What this task involves:
Quote from the first line below through the line that contains "13th Tre Torri Judo Summer Camp 2021", both included, and leave the pictures out.

== Collected data ==

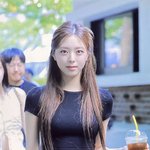 오늘 <b>유나</b>가 미쳤어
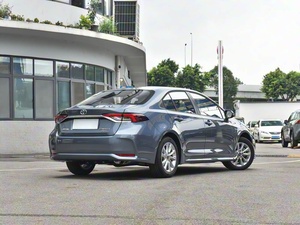 Toyota Corolla, Auto Usado de <span class=keywords><strong>Segunda</strong></span> <span class=keywords><strong>Mano</strong></span> Más Barato, Vehículos de Nueva Energía 2024, Autos Usados de Exportación, Bajo Precio, Mejor Auto SUV - Product Image 6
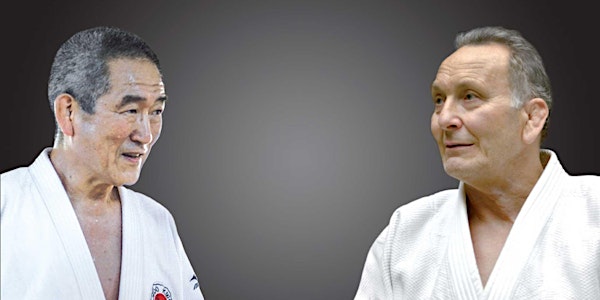 13th Tre Torri Judo Summer Camp 2021
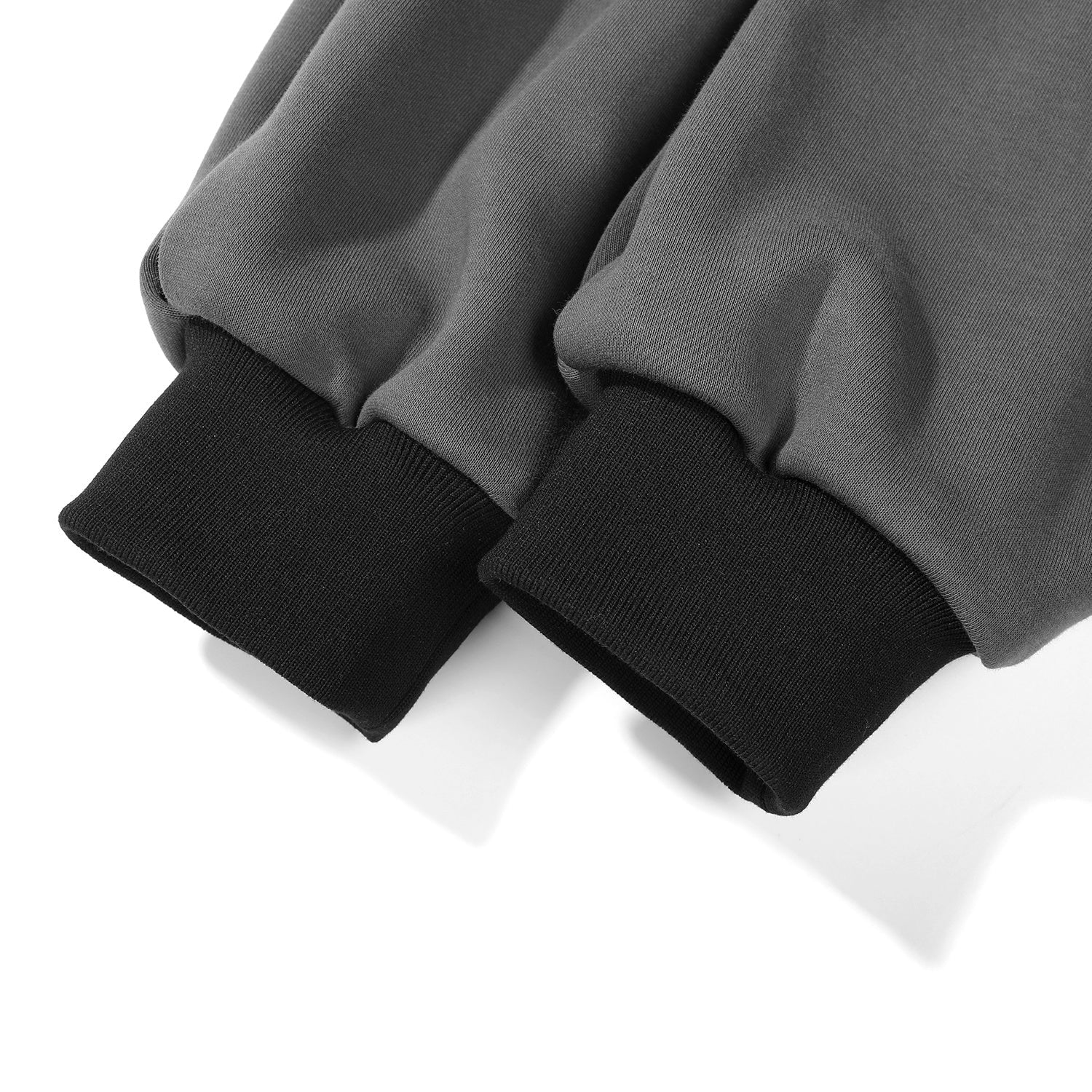 HiH51 Black T-Tech Hoodie Niepce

===

Exercise answer:
 오늘 <b>유나</b>가 미쳤어
 Toyota Corolla, Auto Usado de <span class=keywords><strong>Segunda</strong></span> <span class=keywords><strong>Mano</strong></span> Más Barato, Vehículos de Nueva Energía 2024, Autos Usados de Exportación, Bajo Precio, Mejor Auto SUV - Product Image 6
 13th Tre Torri Judo Summer Camp 2021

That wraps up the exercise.